These ideas naturally lead us to ask what fruitful analogies we can form between the bizarre geometry of spacetime and the more familiar geometry of the Euclidean plane. The light cone cuts spacetime into different regions according to certain measurements of relationships between points (events). Similarly, a circle in Euclidean geometry cuts the plane into two parts, an interior and an exterior, according to the measurement of the distance from the circle's center. A circle stays the same when we rotate the plane. A light cone stays the same when we change frames of reference. Let's build up the analogy more explicitly.

Measurement in Euclidean geometry

We say that two line segments are congruent, \(\text{AB}\cong \text{CD}\), if the distance between points A and B is the same as the distance between C and D, as measured by a rigid ruler.

Measurement in spacetime

We define \(\text{AB}\cong \text{CD}\) if:

AB and CD are both spacelike, and the two distances are equal as measured by a rigid ruler, in a frame where the two events touch the ruler simultaneously.
AB and CD are both timelike, and the two time intervals are equal as measured by clocks moving inertially.
AB and CD are both lightlike.

The three parts of the relativistic version each require some justification.

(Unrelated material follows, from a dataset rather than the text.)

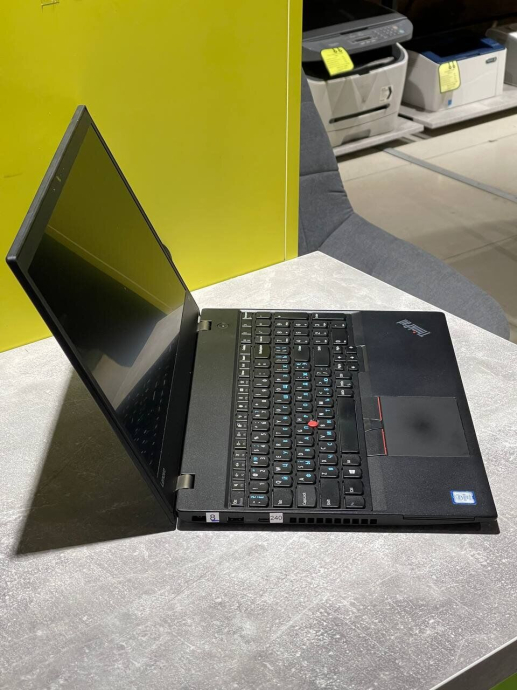 Ультрабук Lenovo ThinkPad T570 / 15.6&quot; (1920x1080) IPS / Intel Core i5-7200U (2 (4) ядра по 2.5 - 3.1 GHz) / 8 GB DDR4 / 240 GB SSD / Intel HD Graphics 620 / WebCam - 3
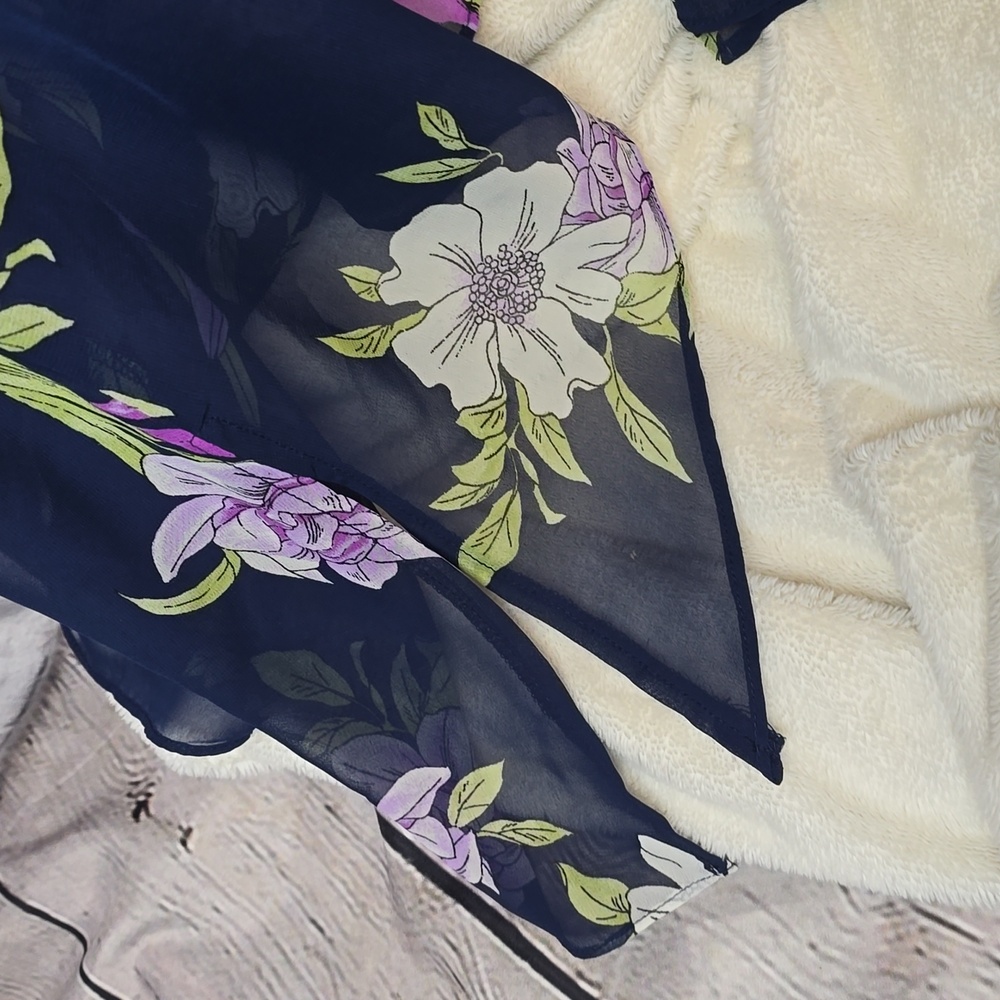 Elizabeth Williams Navy Floral Kimono Jacket with Flowing Silhouette Size L - Picture 2 of 7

Case 1 has to be the way it is because space is part of spacetime. In special relativity, this space is Euclidean, so the definition of congruence has to agree with the Euclidean definition, in the case where it is possible to apply the Euclidean definition. The spacelike relation between the points is both necessary and sufficient to make this possible. If points A and B are spacelike in relation to one another, then a frame of reference exists in which they are simultaneous, so we can use a ruler that is at rest in that frame to measure their distance. If they are lightlike or timelike, then no such frame of reference exists. For example, there is no frame of reference in which Charles VII's restoration to the throne is simultaneous with Joan of Arc's execution, so we can't arrange for both of these events to touch the same ruler at the same time.

The definition in case 2 is the only sensible way to proceed if we are to respect the symmetric treatment of time and space in relativity. The timelike relation between the events is necessary and sufficient to make it possible for a clock to move from one to the other. It makes a difference that the clocks move inertially, because the twins in example 1 on p. 391 disagree on the clock time between the traveling twin's departure and return.

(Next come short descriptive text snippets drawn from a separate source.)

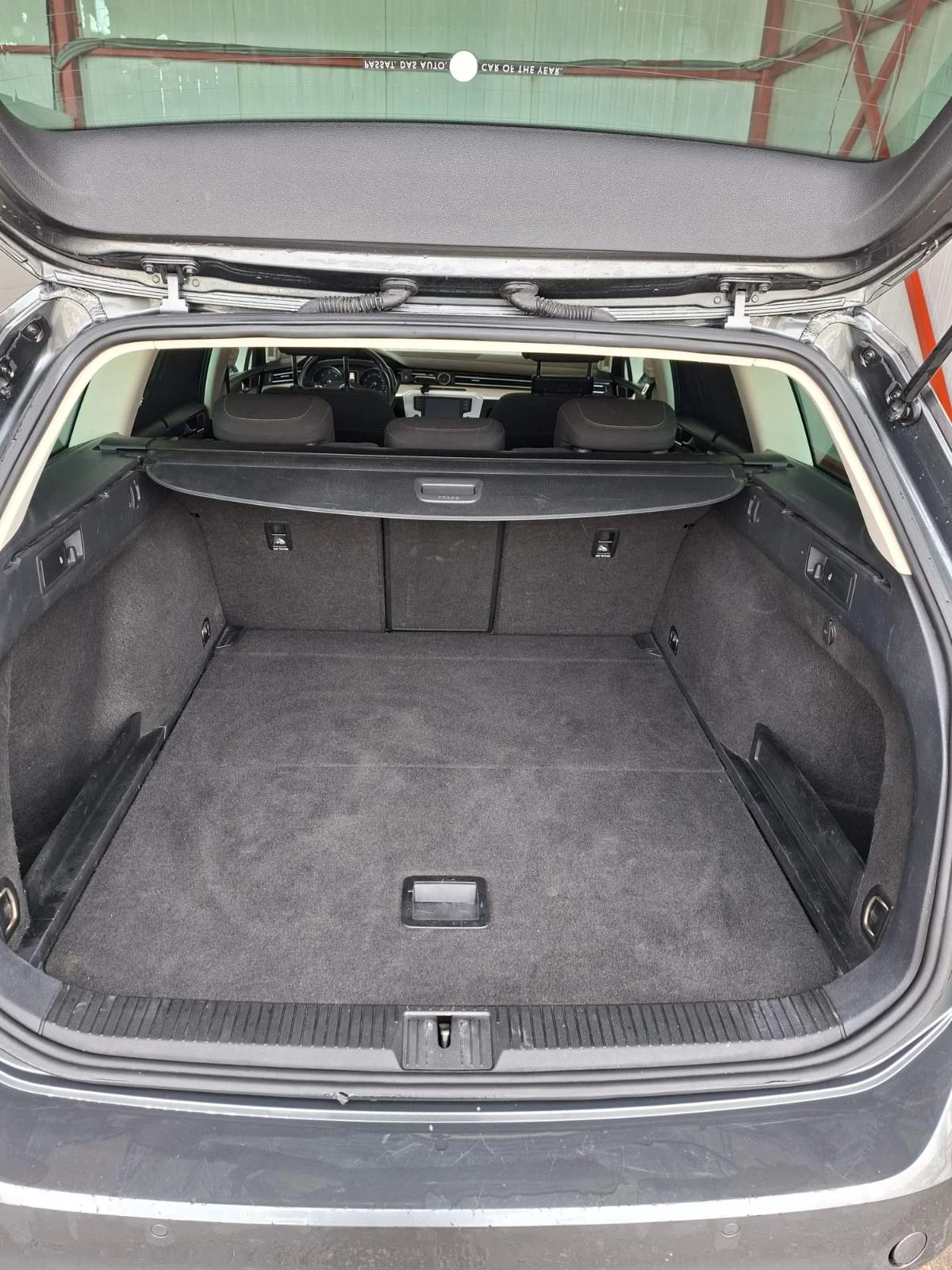 VW Passat R-line , Led, Регистрирана , снимка 15 - Автомобили и джипове - 55844001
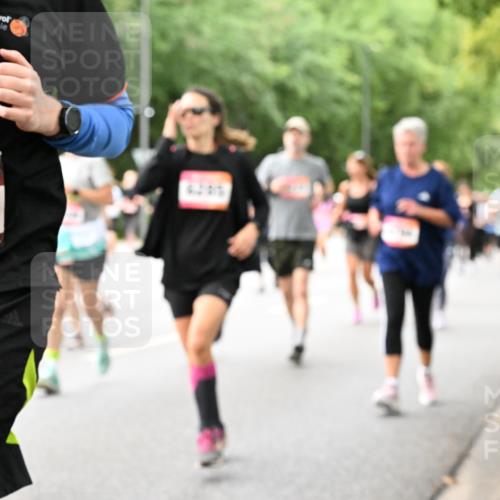 06.09.2026 - CURREX Alsterlauf Dr. Thomas Lammeyer http://msf.ph/oto/10117933 06.09.2026 09:16:23 Laufen 2057 meine-sportfotos.de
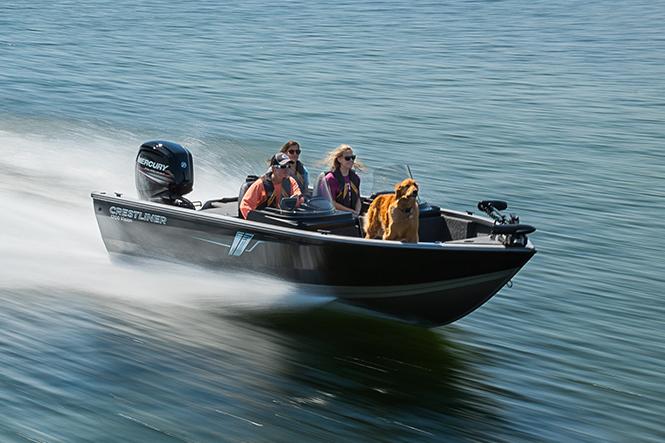 Crestliner Boat image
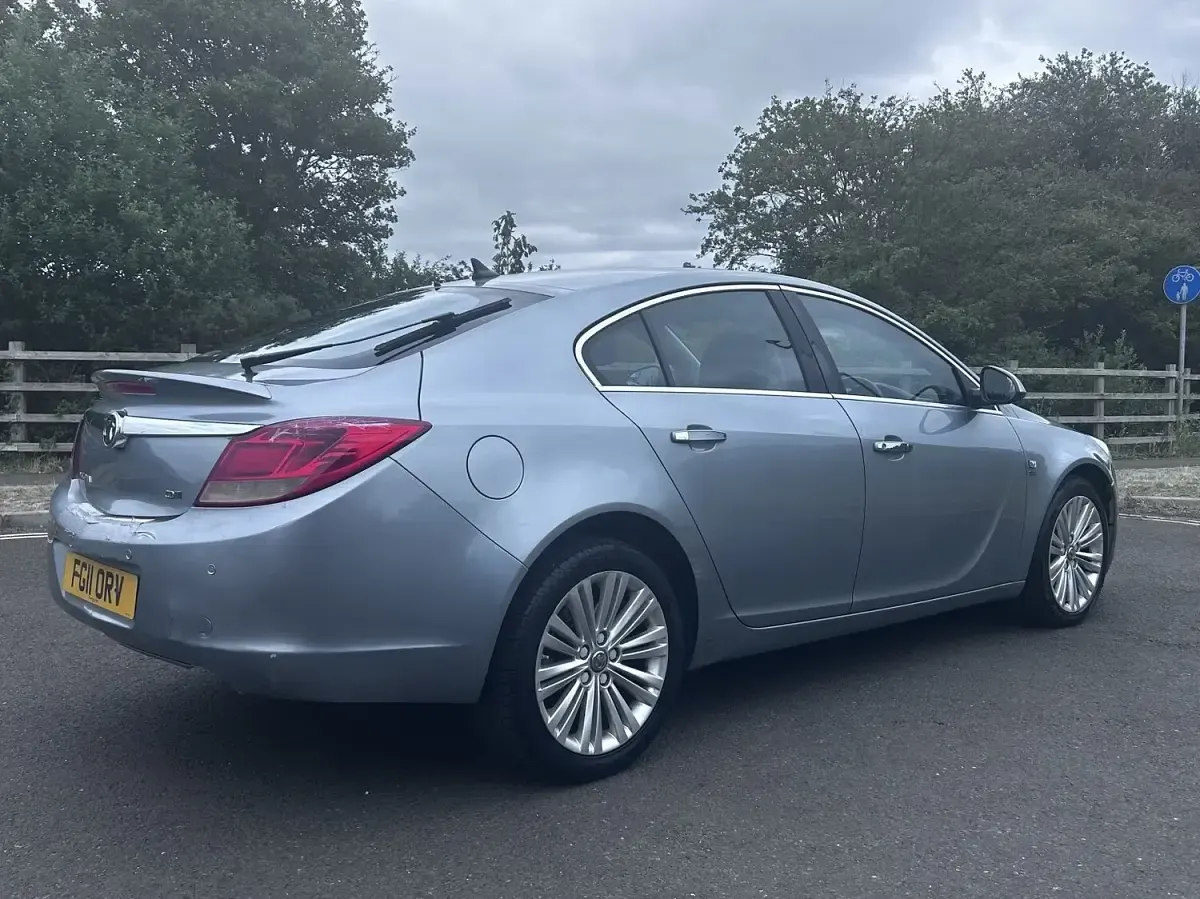 Used Vauxhall Insignia 2011 Silver Hatchback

Case 3 may seem strange, since it says that any two lightlike intervals are congruent. But this is the only possible definition, because this case can be obtained as a limit of the timelike one. Suppose that AB is a timelike interval, but in the planet earth's frame of reference it would be necessary to travel at almost the speed of light in order to reach B from A. The required speed is less than \(c\) (i.e., less than 1) by some tiny amount \(\epsilon\). In the earth's frame, the clock referred to in the definition suffers extreme time dilation. The time elapsed on the clock is very small. As \(\epsilon\) approaches zero, and the relationship between A and B approaches a lightlike one, this clock time approaches zero. In this sense, the relativistic notion of “distance” is very different from the Euclidean one. In Euclidean geometry, the distance between two points can only be zero if they are the same point.

The case splitting involved in the relativistic definition is a little ugly. Having worked out the physical interpretation, we can now consolidate the definition in a nicer way by appealing to Cartesian coordinates.

Cartesian definition of distance in Euclidean geometry

Given a vector \((\Delta x,\Delta y)\) from point A to point B, the square of the distance between them is defined as \(\overline{\text{AB}}^2=\Delta x^2+\Delta y^2\).

Definition of the interval in relativity

Given points separated by coordinate differences \(\Delta x\), \(\Delta y\), \(\Delta z\), and \(\Delta t\), the spacetime interval \(\mathcal I\) (cursive letter “I”) between them is defined as \(\mathcal I = \Delta t^2-\Delta x^2-\Delta y^2-\Delta z^2\).

This is stated in natural units, so all four terms on the right-hand side have the same units; in metric units with \(c \ne 1\), appropriate factors of \(c\) should be inserted in order to make the units of the terms agree. The interval \(\mathcal I\) is positive if AB is timelike (regardless of which event comes first), zero if lightlike, and negative if spacelike. Since \(\mathcal I\) can be negative, we can't in general take its square root and define a real number \(\overline{\text{AB}}\) as in the Euclidean case. When the interval is timelike, we can interpret \(\sqrt{\mathcal I}\) as a time, and when it's spacelike we can take \(\sqrt{-\mathcal I}\) to be a distance.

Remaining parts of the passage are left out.